That said, there are still gaps. Common concerns include incomplete accessibility support (e.g., screen readers and input tools), inconsistent remote desktop behavior, and varying hardware performance. Some critics also argue that the push toward Wayland-first or Wayland-only environments is often associated with organizations like Red Hat which is owned by IBM. This push to remove X11 is happening before feature parity with X11 is fully achieved.
From my own experience, Wayland works well on modern hardware, but performance has been noticeably worse on older or lower-powered devices such as a 2011 iMac (iMac12,2), an Intel N200 mini PC, and a Raspberry Pi 5 (8GB RAM). Switching to X11 on those systems resulted in a clear improvement in responsiveness.

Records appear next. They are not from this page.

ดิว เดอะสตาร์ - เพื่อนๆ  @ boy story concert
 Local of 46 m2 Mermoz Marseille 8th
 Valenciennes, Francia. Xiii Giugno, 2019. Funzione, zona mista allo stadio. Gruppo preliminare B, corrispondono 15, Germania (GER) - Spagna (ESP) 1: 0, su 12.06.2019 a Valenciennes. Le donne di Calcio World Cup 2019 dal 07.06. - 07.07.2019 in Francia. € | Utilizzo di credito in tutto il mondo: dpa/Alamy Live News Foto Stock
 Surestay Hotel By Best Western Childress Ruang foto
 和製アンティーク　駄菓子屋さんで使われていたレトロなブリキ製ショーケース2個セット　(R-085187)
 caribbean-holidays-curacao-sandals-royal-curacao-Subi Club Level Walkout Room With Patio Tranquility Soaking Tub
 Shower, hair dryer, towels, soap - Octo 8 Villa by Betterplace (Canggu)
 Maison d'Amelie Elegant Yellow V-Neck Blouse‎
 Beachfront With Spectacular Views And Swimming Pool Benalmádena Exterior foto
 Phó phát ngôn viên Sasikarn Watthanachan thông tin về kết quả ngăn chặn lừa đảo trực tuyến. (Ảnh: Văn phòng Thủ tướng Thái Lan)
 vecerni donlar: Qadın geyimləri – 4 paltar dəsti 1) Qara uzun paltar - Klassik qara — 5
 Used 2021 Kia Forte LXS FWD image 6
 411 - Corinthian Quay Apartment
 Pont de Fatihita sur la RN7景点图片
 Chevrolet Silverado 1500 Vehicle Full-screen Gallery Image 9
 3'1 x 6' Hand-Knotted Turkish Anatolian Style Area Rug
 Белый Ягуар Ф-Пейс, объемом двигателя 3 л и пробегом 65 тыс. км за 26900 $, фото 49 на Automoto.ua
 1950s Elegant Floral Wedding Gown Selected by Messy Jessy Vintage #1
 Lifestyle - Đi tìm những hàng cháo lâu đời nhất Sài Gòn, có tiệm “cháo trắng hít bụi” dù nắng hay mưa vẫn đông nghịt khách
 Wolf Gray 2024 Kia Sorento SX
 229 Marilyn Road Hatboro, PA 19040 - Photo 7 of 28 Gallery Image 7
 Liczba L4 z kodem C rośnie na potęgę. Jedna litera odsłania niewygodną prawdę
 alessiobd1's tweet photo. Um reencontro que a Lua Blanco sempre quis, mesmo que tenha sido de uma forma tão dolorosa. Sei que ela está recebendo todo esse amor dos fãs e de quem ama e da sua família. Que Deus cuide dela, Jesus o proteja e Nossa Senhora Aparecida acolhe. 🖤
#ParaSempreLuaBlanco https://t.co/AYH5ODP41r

Remote desktop is another area where I’ve consistently run into issues under Wayland. Tools using RDP or similar protocols often either fail to connect properly or require starting a new session rather than attaching to the active one. In contrast, using X11 with XRDP and XFCE allowed me to reliably access an existing session.
It’s also worth noting that while X11 has largely been in maintenance mode with not many substantial updates, it remains widely used and stable. Projects like XLibre have emerged in an effort to continue its development, though adoption is still early. ↩︎ -
The Trinity Desktop Environment (TDE) began as a fork of KDE 3, emerging in the years following the controversial release of KDE 4. Alongside preserving the KDE 3 desktop experience, the project also forked the Qt 3 toolkit into what is known as TQt.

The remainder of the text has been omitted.